Re: How to use a locally built worker image?

2019-11-06 Thread Valentyn Tymofieiev
>
> Anyway, I agree with Thomas that implicitly running `docker pull` is
> confusing and requires some adjustments to work around. The user can always
> run `docker pull` themselves if that's the intention.


I understand that implicit pull may come across as surprising. However I
see the  required adjustments as a better practice. I would argue that
customized containers images should not reuse the same  name:tag
combination, and it would also help the users avoid a situation where a
runner may use a different container image in different execution
environments.
It may also help avoid issue where a user reports an issue with Beam, that
others cannot reproduce only because a user was running a customized
container on their local machine (and forgot about it).
Also, if a users' pipeline is relies on a  container image released by Beam
( or maybe a third party), external updates to such container image may not
propagate to the pipeline workflow without an explicit pull.

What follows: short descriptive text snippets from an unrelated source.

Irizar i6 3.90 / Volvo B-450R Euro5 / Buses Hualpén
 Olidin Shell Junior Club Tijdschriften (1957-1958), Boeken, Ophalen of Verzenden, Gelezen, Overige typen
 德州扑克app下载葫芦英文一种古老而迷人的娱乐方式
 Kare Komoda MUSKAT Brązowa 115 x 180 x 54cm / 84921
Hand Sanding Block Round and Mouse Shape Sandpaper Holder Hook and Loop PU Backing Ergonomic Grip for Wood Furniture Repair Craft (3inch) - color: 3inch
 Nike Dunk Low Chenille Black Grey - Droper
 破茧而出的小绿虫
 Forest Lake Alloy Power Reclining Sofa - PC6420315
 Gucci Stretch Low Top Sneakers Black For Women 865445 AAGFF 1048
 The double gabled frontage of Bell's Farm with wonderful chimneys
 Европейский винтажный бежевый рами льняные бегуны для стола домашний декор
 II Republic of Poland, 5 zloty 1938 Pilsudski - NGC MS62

Always pulling
the image may help to ensure a more deterministic behavior.

On Wed, Nov 6, 2019 at 10:38 AM Kyle Weaver  wrote:

> Bumping this thread from the other one [1].
>
> > 1. Read sdk version from gradle.properties and use this as the default
> tag. Done with Python, need to implement it with Java and Go.
>
> 100% agree with this one. Using the same tag for local and release images
> has already caused a good deal of confusion. Filed BEAM-8570 and BEAM-8571
> [2][3].
>
> > 2. Remove pulling images before executing docker run command. This
> should be fixed for Python, Java and Go.
>
> Valentyn (from [1]):
> > I think pulling the latest image for the current tag is actually a
> desired behavior, in case the external image was updated (due to a bug fix
> for example).
>
> There's a PR for this [4]. Once we fix the default tag for Java/Go
> containers, the dev and release containers will be distinct, which makes it
> seldom important whether or not the image is `docker pull`ed. Anyway, I
> agree with Thomas that implicitly running `docker pull` is confusing and
> requires some adjustments to work around. The user can always run `docker
> pull` themselves if that's the intention.
>
> [1]
> https://lists.apache.org/thread.html/0f2ccbbe7969b91dc21ba331c1a30d730e268cc0355c1ac1ba0b7988@%3Cdev.beam.apache.org%3E
> [2] https://issues.apache.org/jira/browse/BEAM-8570
> [3] https://issues.apache.org/jira/browse/BEAM-8571
> [4] https://github.com/apache/beam/pull/9972
>
> On Wed, Oct 2, 2019 at 5:32 PM Ahmet Altay  wrote:
>
>> I do not believe this is a blocker for Beam 2.16. I agree that it would
>> be good to fix this.
>>
>> On Wed, Oct 2, 2019 at 3:15 PM Hannah Jiang 
>> wrote:
>>
>>> Hi Thomas
>>>
>>> Thanks for bring this up.
>>>
>>> Now Python uses sdk version as a default tag, while Java and Go use
>>> latest as a default tag. I agree using latest as a tag is problematic. The
>>> reason only Python uses sdk version as a default tag is Python has
>>> version.py so the version is easy to read. For Java and Go, we need to read
>>> it from gradle.properties when creating images with the default tag and
>>> when setting the default image.
>>>
>>> Here is what we need to do:
>>> 1. Read sdk version from gradle.properties and use this as the default
>>> tag. Done with Python, need to implement it with Java and Go.
>>> 2. Remove pulling images before executing docker run command. This
>>> should be fixed for Python, Java and Go.
>>>
>>> Is this a blocker for 2.16? If so and above are too much work for 2.16
>>> at the moment, we can hardcode the default tag for release branch for now.
>>>
>>> Using timestamp as a tag is an option as well, as long as runners know
>>> which timestamp they should use.
>>>
>>> Hannah
>>>
>>> On Wed, Oct 2, 2019 at 10:13 AM Alan Myrvold 
>>> wrote:
>>>
 Yes, using the latest tag is problematic and can lead to unexpected
 behavior.
 Using a date/time or 2.17.0.dev-$USER tag would be better. The
 validates container shell script uses a datetime
 
 tag, which allows a unique name if no two tests are run in the same second.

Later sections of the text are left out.